Can I Discharge Tax Debt in Bankruptcy?

Is tax debt dischargeable in bankruptcy? Generally the answer is no, however, there are exceptions to this rule. If the debt is not discharged then it will still be owed at the end of a chapter 7 bankruptcy or you’ll have to repay them in full in a Chapter 13 bankruptcy repayment plan.

Dischargeable Tax Debt

You can discharge debts for federal income taxes in Chapter 7 bankruptcy, only if all of the following conditions are met:

1. The due date for filing a tax return is at least three years ago.

2. The tax return was filed at least two years ago.

3. The tax assessment is at least 240 days old.

4. The tax return was not fraudulent.

5. The taxpayer is not guilty of tax evasion.

Nondischargeable Tax Debts– The following type of non-income-related tax debts cannot be discharged in a Chapter 7 bankruptcy:

Tax liens. A Chapter 7 bankruptcy discharge of income taxes wipes out the personal obligation to pay the tax and prevents the taxing authority from going after your bank account or wages. However, tax liens, also known as secured taxes, will remain attached to your property. This rule applies only to tax liens recorded against your property before you file for bankruptcy. This means that although you might not be personally liable for the tax debt, you’ll have to pay the lien from any profits when you sell the property.

Recent property taxes. If a property tax is incurred before you file for bankruptcy, the tax is non-dischargeable.

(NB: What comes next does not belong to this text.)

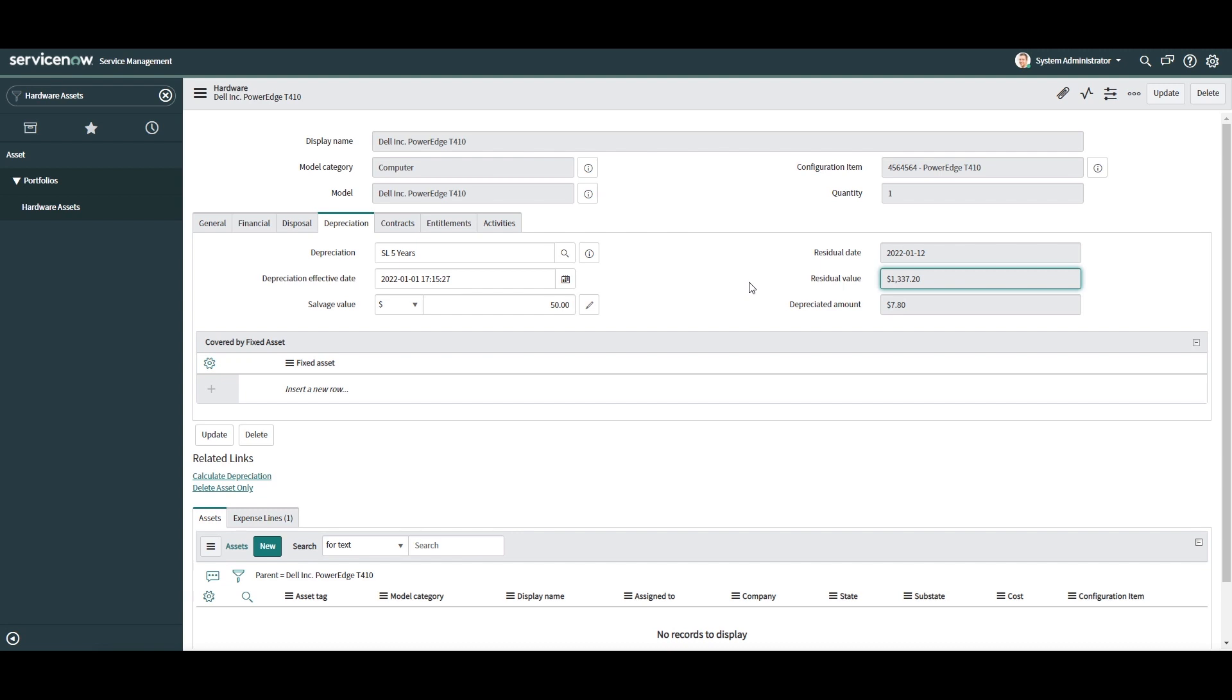You have successfully configured this asset to track its depreciation. Using the information you've learned from this tutorial, you'll now be able to run reports on your hardware assets and provide stakeholders with asset depreciation figures. And that is all for today's tutorial on asset depreciation in ServiceNow. Good luck and thanks for watching.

However, this only applies to property taxes last payable within one year of your bankruptcy filing. You can discharge your personal liability for property taxes that were payable more than one year before your bankruptcy filing. Keep in mind, though, that many counties attach a lien to your property upon assessment or one year afterwards. If you have a lien against your property for the property tax, that lien will remain after your Chapter 7 discharge.

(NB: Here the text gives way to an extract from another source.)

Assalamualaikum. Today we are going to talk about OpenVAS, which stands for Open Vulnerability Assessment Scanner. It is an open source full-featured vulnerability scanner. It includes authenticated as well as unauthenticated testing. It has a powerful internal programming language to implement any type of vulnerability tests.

Taxes that a third party is required to collect or withhold. This covers the so-called “trust fund” taxes such as FICA, Medicare, and income taxes than an employer must withhold from the pay of employees, and sales taxes paid by the debtor’s customers that the debtor is required to send to a governmental unit.

Certain employment taxes, excise taxes, and custom duties, depending on specific time periods.

Non-punitive tax penalties on nondischargeable taxes if the transaction or event that sparked the penalty occurred less than three years before filing the bankruptcy petition. Erroneous tax refunds or credits relating to nondischargeable taxes.